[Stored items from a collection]
####

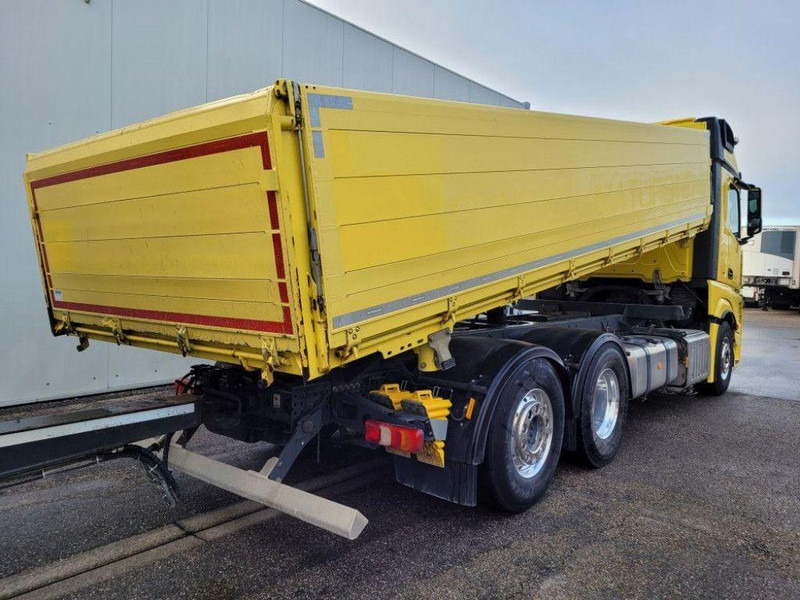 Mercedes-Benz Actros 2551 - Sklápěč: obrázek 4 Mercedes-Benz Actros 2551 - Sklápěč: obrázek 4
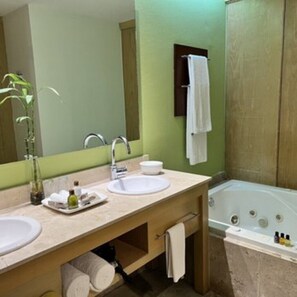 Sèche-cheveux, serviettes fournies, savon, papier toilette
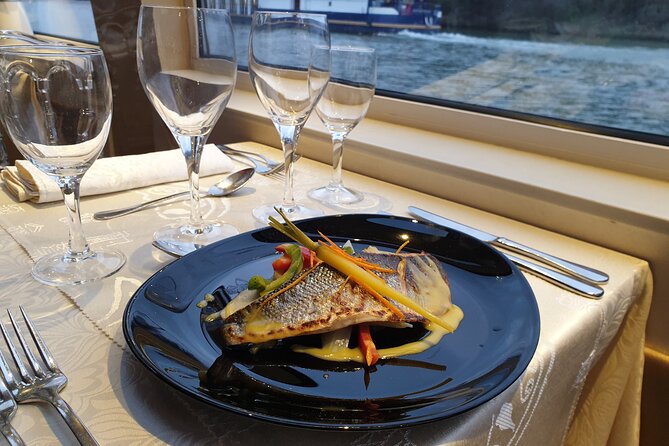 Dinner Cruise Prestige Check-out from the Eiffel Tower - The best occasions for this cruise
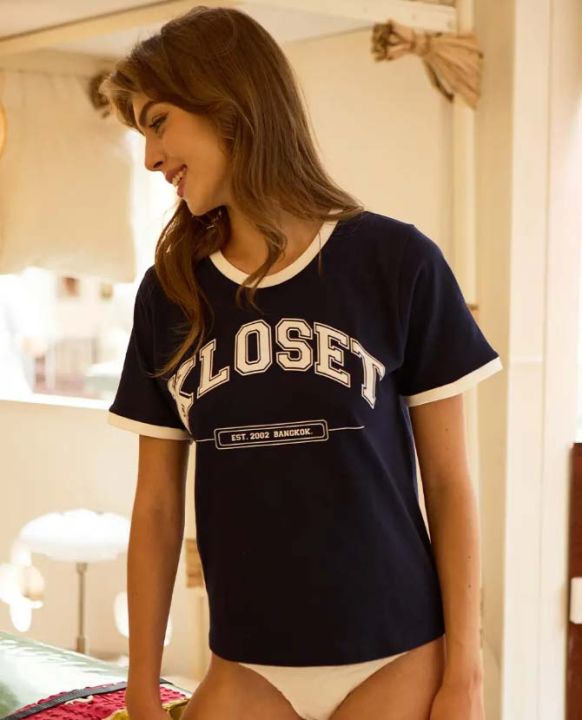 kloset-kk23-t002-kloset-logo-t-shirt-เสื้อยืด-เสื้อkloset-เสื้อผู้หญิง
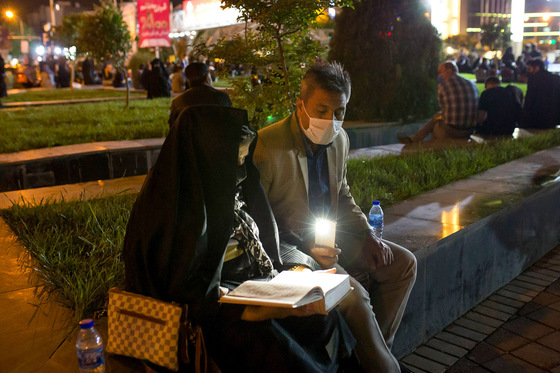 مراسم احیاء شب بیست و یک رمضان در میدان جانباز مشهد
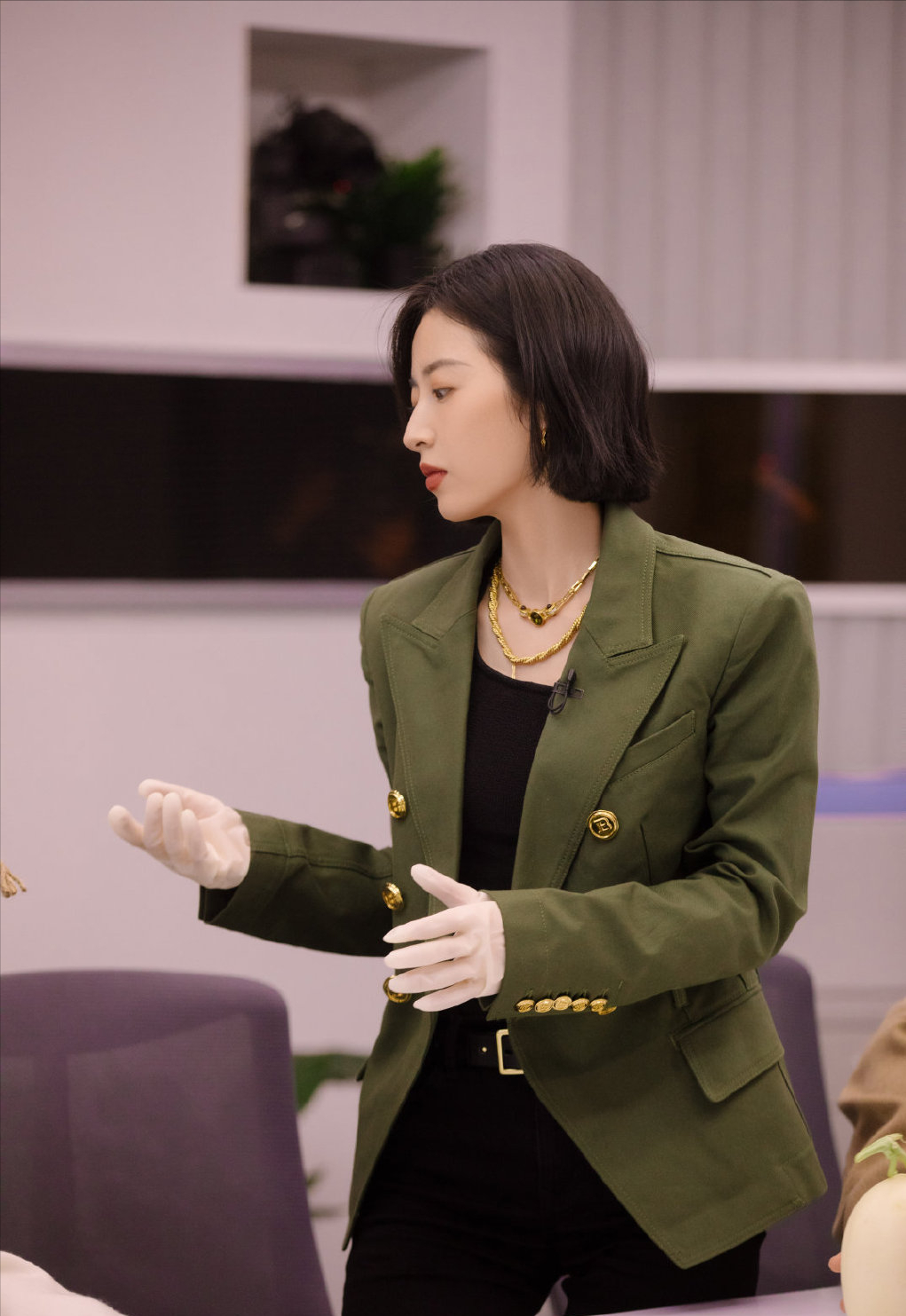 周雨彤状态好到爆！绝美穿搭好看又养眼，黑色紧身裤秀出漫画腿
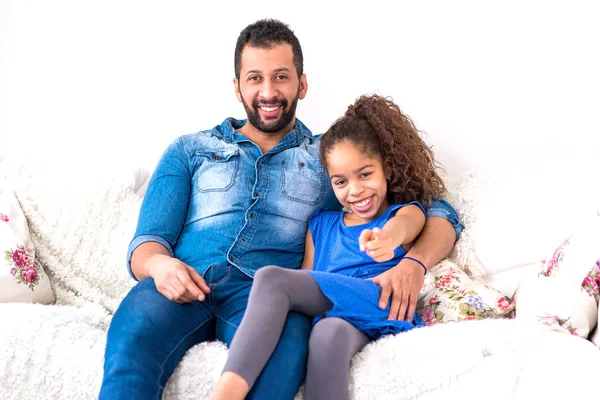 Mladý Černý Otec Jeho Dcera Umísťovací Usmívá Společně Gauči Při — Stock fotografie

####

WHAT YOU WILL DO —
Each record must appear again exactly as written above, without its pictures.

TASK OUTPUT —
 Mercedes-Benz Actros 2551 - Sklápěč: obrázek 4 Mercedes-Benz Actros 2551 - Sklápěč: obrázek 4
 Sèche-cheveux, serviettes fournies, savon, papier toilette
 Dinner Cruise Prestige Check-out from the Eiffel Tower - The best occasions for this cruise
 kloset-kk23-t002-kloset-logo-t-shirt-เสื้อยืด-เสื้อkloset-เสื้อผู้หญิง
 مراسم احیاء شب بیست و یک رمضان در میدان جانباز مشهد
 周雨彤状态好到爆！绝美穿搭好看又养眼，黑色紧身裤秀出漫画腿
 Mladý Černý Otec Jeho Dcera Umísťovací Usmívá Společně Gauči Při — Stock fotografie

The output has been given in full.